The task =>
When the line containing "Sumatra Endonezya Daki" is found in the data below, give it again along with every later line, exactly; drop the pictures.

Image-caption web data:
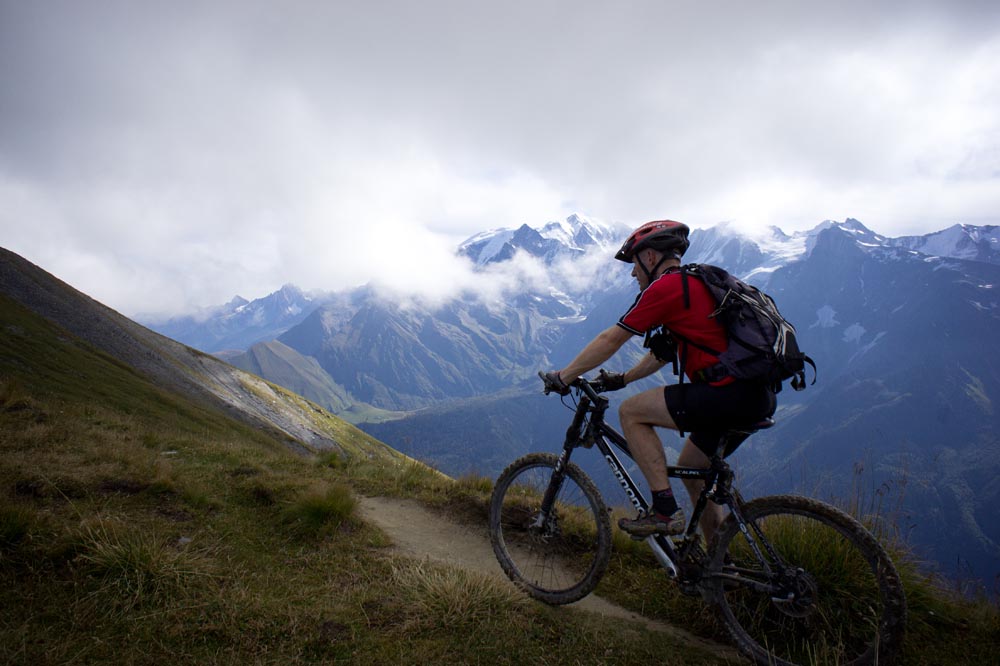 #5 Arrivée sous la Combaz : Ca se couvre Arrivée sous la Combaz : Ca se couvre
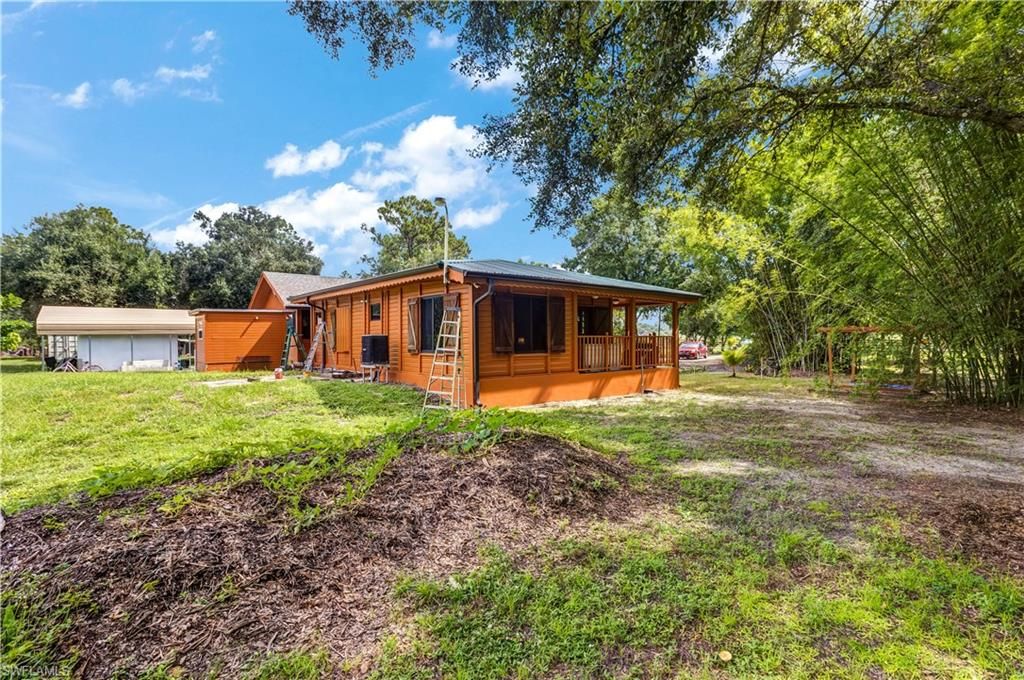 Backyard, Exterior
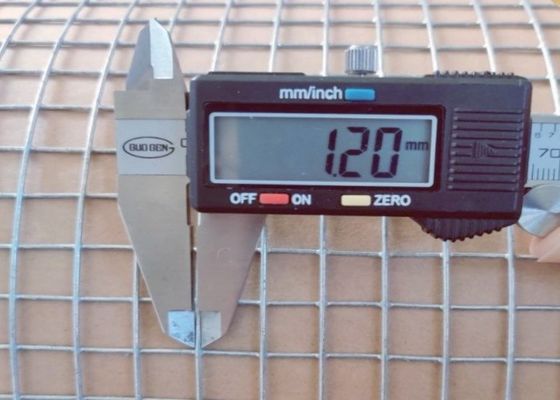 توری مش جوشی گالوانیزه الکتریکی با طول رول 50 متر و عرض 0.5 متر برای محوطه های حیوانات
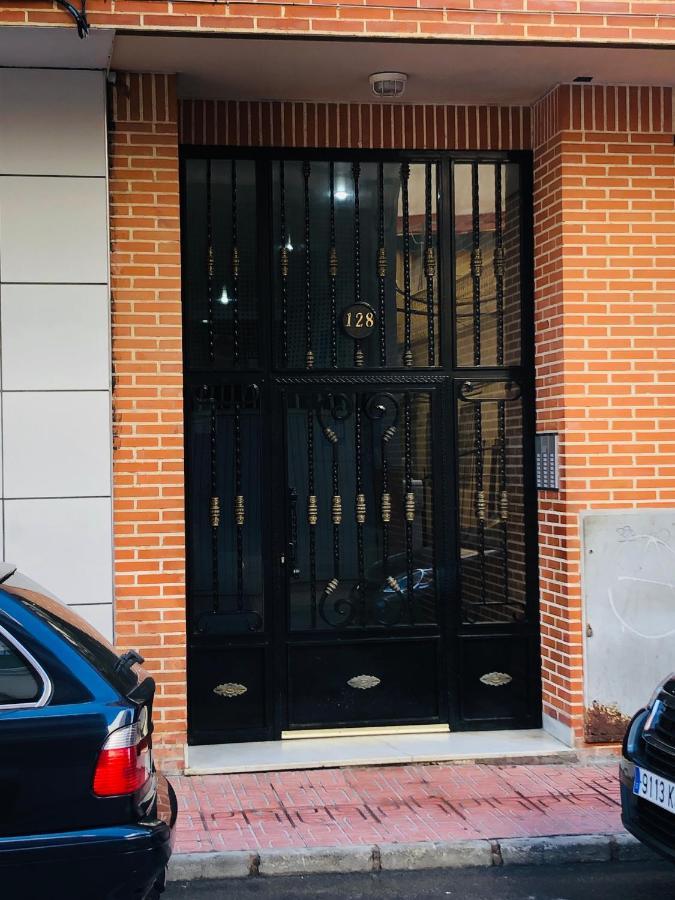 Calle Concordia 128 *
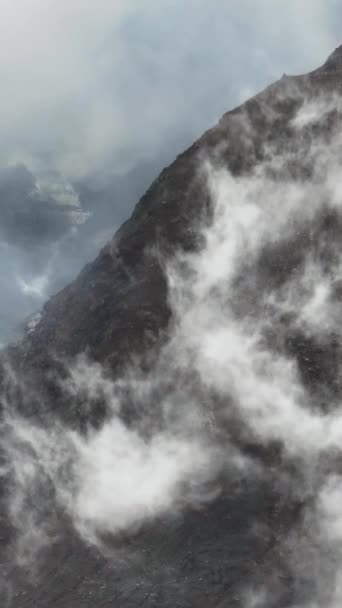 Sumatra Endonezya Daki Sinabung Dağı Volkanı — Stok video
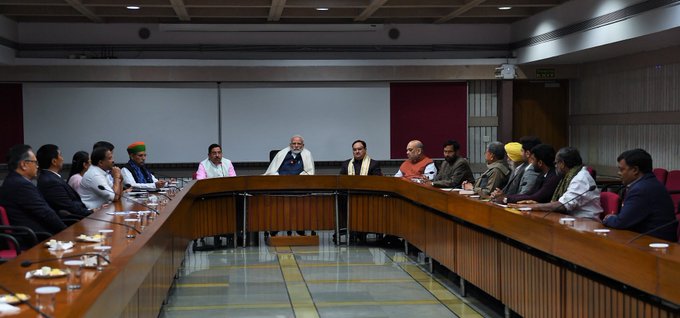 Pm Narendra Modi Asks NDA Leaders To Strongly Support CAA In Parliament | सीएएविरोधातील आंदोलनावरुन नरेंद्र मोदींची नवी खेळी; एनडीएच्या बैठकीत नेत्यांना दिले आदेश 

Output =>
 Sumatra Endonezya Daki Sinabung Dağı Volkanı — Stok video
 Pm Narendra Modi Asks NDA Leaders To Strongly Support CAA In Parliament | सीएएविरोधातील आंदोलनावरुन नरेंद्र मोदींची नवी खेळी; एनडीएच्या बैठकीत नेत्यांना दिले आदेश 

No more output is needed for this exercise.